Published 2nd November 2016

Conducting a competitor content audit is an essential part of the research phase to inform any content-led marketing strategies. Not only will you get insight into what content works to drive links and social shares across the range of competitors, you will also get a sense of how and to what level they’re investing in their content marketing endeavours.

In addition to your direct affiliate competitors this exercise can also be useful to conduct on operator sites, particularly those that do a great job with their content engagement and reach. Whilst you may not have anything like an operator’s budget or resource, you can identify common features of successful strategies using their broader data.

Use the data for competitor insights, success characteristics, creative ideation and to inform your year-ahead calendar.

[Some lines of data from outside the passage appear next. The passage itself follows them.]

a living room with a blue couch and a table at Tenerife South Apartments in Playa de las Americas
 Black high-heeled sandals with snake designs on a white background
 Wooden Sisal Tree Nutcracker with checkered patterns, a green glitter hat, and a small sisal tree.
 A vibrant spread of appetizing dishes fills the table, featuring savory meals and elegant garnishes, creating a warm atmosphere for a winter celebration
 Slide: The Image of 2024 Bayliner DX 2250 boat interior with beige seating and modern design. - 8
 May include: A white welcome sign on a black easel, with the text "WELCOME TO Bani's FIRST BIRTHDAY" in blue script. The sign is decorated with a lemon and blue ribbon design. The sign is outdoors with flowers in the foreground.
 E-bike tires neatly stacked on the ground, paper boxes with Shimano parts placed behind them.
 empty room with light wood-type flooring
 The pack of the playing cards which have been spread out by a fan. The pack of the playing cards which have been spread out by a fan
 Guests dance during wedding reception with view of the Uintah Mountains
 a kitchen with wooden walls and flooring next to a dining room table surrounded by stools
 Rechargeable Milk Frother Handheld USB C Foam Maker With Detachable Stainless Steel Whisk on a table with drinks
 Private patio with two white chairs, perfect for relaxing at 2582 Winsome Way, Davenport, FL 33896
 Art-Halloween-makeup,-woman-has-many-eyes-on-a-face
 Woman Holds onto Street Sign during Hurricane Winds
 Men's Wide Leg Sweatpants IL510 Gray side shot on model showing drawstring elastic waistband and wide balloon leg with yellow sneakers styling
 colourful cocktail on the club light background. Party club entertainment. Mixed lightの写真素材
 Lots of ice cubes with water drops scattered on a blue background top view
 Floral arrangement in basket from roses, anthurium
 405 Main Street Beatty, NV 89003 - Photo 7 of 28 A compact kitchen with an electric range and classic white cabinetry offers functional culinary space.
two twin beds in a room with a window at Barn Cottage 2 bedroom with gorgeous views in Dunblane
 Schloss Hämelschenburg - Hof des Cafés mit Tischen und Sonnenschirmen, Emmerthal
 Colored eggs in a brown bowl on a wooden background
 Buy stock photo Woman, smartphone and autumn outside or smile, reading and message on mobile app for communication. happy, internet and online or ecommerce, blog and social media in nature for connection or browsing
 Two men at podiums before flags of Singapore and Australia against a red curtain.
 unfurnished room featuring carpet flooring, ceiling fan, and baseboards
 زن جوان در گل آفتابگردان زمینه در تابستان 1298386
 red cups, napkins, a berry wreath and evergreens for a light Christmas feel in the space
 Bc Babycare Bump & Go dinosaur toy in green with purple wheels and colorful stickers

What does success look like?
First, decide what successful content looks like to you, so that you have a framework against which to measure the content assets you’re quantifying. As we all know, social stats and links can all be gamed, so we’re going to need to dig deeper into that data to ensure there’s quality below the quantity.

I’d suggest we want to focus on the metrics that suggest the content is working to attract genuine engagement, first; then combine with qualitative analysis to explore themes.

The data and metrics that you will want to evaluate quantitatively are as follows:

  • Titles ergo keyword targets and thematic
  • Asset type e.g. video, text, infographic, interactive
  • Editorial/quality links per URL
  • Social metrics in particular shares and any comments

Content audit tools
For the most part of your analysis you’re going to need some data and scraping tools to help with the volume work, before any manual assessment of best-piece qualities.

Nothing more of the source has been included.